Но этот пример исключителен в том смысле, что чаще всего практические вопросы решаются с помощью существующих теорий: практические приложения открытий чистой науки, как бы важны они ни были, приходят обычно гораздо позднее (хотя в последнее время эта отсрочка может быть значительно сокращена, как это было при изобретении радиотелеграфа, который начал функционировать уже через несколько лет после открытия Герцем радиоволн, или совсем недавно, при открытии атомной энергии). Редко бывает, чтобы важные математические исследования были предприняты непосредственно с целью их определённого практического применения. Чаще всего исследователи руководствовались общим мотивом всякой научной работы — желанием знать и понимать. Следовательно, из двух названных нами видов изобретения математикам известен лишь второй.
Выбор темы
Оставляя в стороне практические приложения, которые обычно, если могут быть сделаны, будут сделаны гораздо позднее, заметим, что математические открытия могут быть более или менее богаты теоретическими следствиями. Чаще всего они остаются нам неизвестными, так же полностью неизвестными, как людям, установившим впервые химический состав солнечной атмосферы, были неизвестны невозгораемые воздушные шары.
Как же мы должны выбирать тему исследования? Этот деликатный выбор является одной из наиболее важных сторон исследования — именно по этому выбору мы обычно судим о значении учёного.

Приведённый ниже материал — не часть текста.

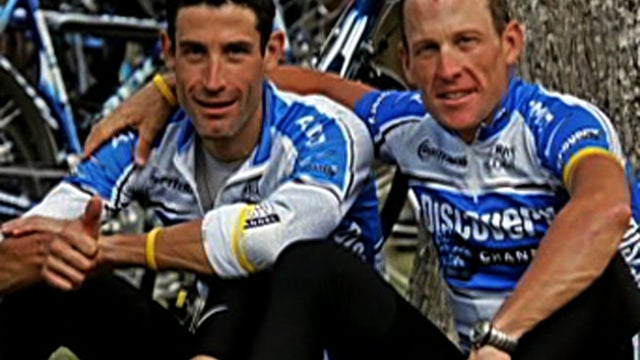 es_0523_ARMSTRONG_TRACY_NEW.jpg 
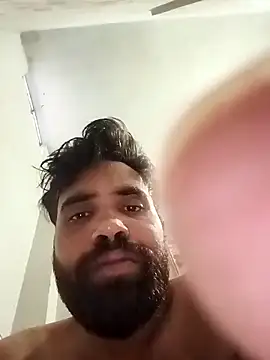 Snapshot of Dogol1990 chatting on December 4, 2025, 6:45 am Dogol1990 online show from December 4, 2025, 6:45 am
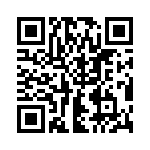 RC3216F4531CS QRCode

Уже на этом выборе мы основываем наше суждение о начинающих исследователях. Студенты у меня часто консультировались по вопросу выбора темы; когда ко мне обращаются за таким советом, я его охотно даю, но должен признаться, что при этом (предварительно, конечно) я склонен считать спросившего человеком второго сорта. В другой области такого же мнения придерживается крупный индолог Сильвен Леви, который мне рассказал, что когда ему был задан такой вопрос, у него было желание ответить: «Мой юный друг, вы слушали мои лекции в течение трёх или четырёх лет и вы ни разу не заметили, что нужно было бы углубить?».
Но чем руководствоваться в этом важном и трудном выборе? Ответ почти не вызывает сомнения: это тот же ответ, который нам дал Пуанкаре по поводу средств делать открытия, тот же для «мотора», что и для «механизма». Гид, которому мы должны довериться, — это то чувство красоты, та особая эстетическая чувствительность, важность которых он подчёркивал.

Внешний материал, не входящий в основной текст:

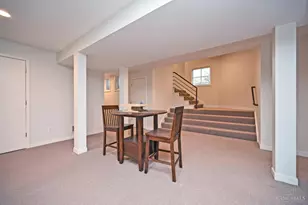 7510 Fernwood Dr, Amberley, OH 45237 - Photo 60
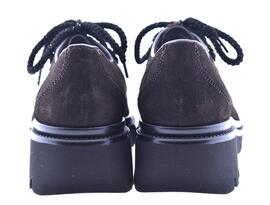 ZAPATO BASKET NIGER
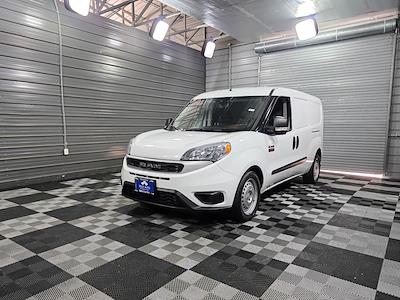 2022 Ram ProMaster City FWD Empty Cargo Van for sale #X50983 - photo 1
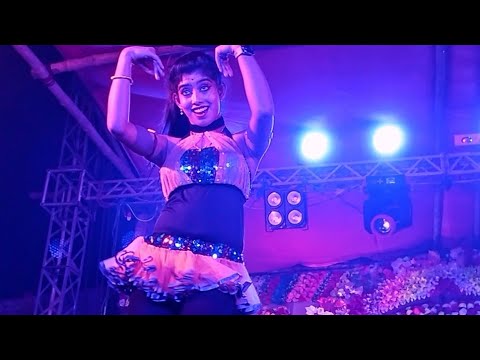 Bagal Wali Jaan Mareli{Nonstop} Arup Dance Academy ||Miss Misti ||Ashis Music Centar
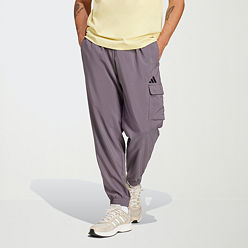 Adidas Gray Pants for Men - JCPenney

Как это отмечает Ренан [121], научный вкус существует так же, как существует вкус художественный или литературный; и этот вкус может быть более или менее верным в зависимости от индивида.
О плодотворности наших будущих результатов, о которой, строго говоря, мы чаще всего заранее ничего не знаем, нас может информировать это чувство красоты, и я не вижу ничего другого, что бы нам позволило строить догадки. По крайней мере, как мне кажется, оспаривать это — было бы лишь спором о словах. Не зная ничего более, мы чувствуем, что продолжать исследование по такому-то направлению стоит труда; мы чувствуем, что вопрос сам по себе заслуживает внимания и что его решение будет иметь некоторую ценность для науки независимо от того, будет ли оно или не будет иметь приложение в будущем. Каждый волен называть это чувством красоты или нет. Бесспорно, это то, о чём думали греческие геометры, изучая эллипс, так как они не могли думать ни о чём другом.
Что касается приложений, даже совершенно непредвиденных, то в дальнейшем они чаще всего появляются, если наше начальное чувство было верным. Я приведу несколько личных примеров, но прошу извинить это неоднократное обращение к моему личному опыту, о котором я, естественно, осведомлён лучше всего.
Когда я представил мою докторскую диссертацию на рассмотрение Эрмиту, он заметил, что было бы очень полезно найти приложения. В тот момент я не знал ни одного возможного приложения. Но в промежутке между днём, когда я подал рукопись, и днём, когда я защищал диссертацию, я узнал, что французский институт предложил в качестве конкурсной темы решить одну важную проблему (ту, о которой мы говорили на стр. 111 в связи с Риманом); и оказалось, что результаты моей диссертации дают решение этого вопроса. Я руководствовался лишь чувством интереса к проблеме, и оно меня вывело на правильный путь.
Несколькими годами позднее, снова занимаясь этими же вопросами, я получил один очень простой результат [122], который мне показался элегантным; я его сообщил моему другу, физику Дюгему; он меня спросил, каковы применения этого результата. Когда я ответил, что до сих пор не думал над этим, Дюгем, который был не только выдающимся физиком, но и замечательным художником, сравнил меня с живописцем, который начал рисовать пейзаж не выходя из мастерской, и который затем идёт на прогулку, чтобы открыть в природе пейзаж, соответствующий его картине. Это сравнение показалось мне верным, но в действительности я был прав, не заботясь о приложениях: они пришли позднее.